Lilley criticises ‘Stern’s selective emphasis on alarmist interpretations and downplaying of uncertainties’ (p4). Richard Tol in his foreword claims that ‘Lilley also reveals that the errors are systematic and suggestive of an ideological bias’.
This surprised me, because in the years following the publication of the Stern review, researchers have been concerned that far from being alarmist, its impact estimates may well underestimate US and global damages.
I created PAGE2002, the Integrated Assessment Model used by Stern for its aggregate impact estimates, so I thought I would see what Lilley had to say about PAGE2002.

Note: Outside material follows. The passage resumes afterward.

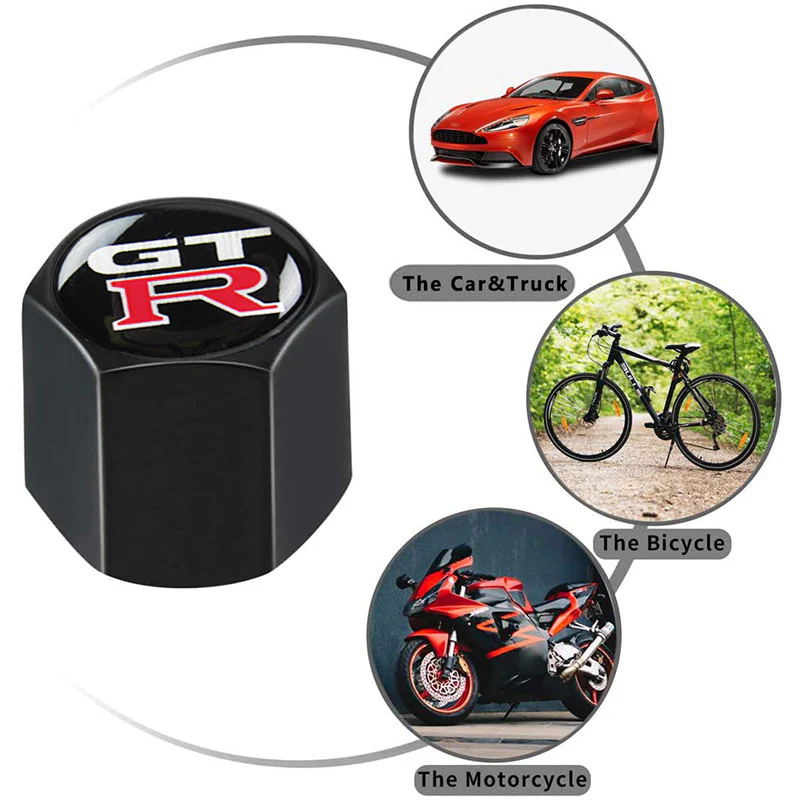 GTR GT-R Car Wheel Tire Valves Dust Stem Air Caps Keychain Emblem KEY FOB Black Set - US SELLER - Image 4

Lilley claims that for economic losses in PAGE2002, ‘a 2.5°C temperature rise is deemed to reduce GDP by between 1.5% and 4% – with a median 2% loss’ (p35).
I have no idea where he found those figures.
In the default PAGE2002 model, the actual reductions in GDP from economic losses for a 2.5°C temperature rise are between -0.1% and 1% of GDP with a median loss of 0.5%. That’s right. The default PAGE2002 model actually allows a small chance that the impacts of global warming will be positive, and Lilley overstates the median impacts in the model by a factor of four.
But there’s more. While Lilley acknowledges that in PAGE2002 ‘ a proportion of losses – lower in less-developed countries – is assumed to be prevented by adaptation’ (p35), he doesn’t say what that proportion is. Would you like to know? In OECD countries, it’s over 90%. The default PAGE2002 model assumes that 100 percent of the economic damages resulting from the first 2 degrees of warming, and 90 percent of economic damages above 2 degrees, are eliminated by adaptation.
Taking this into account, Lilley has overestimated the median economic damages in the PAGE2002 model by over a factor of 40.
I can’t help but think this is an error by Lilley that is, in Richard Tol’s words, ‘systematic and suggestive of an ideological bias’. If this is typical of Lilley’s rigour, then I know whose work would lead me to declare ‘it’s academic value is zero’, and it isn’t Stern’s.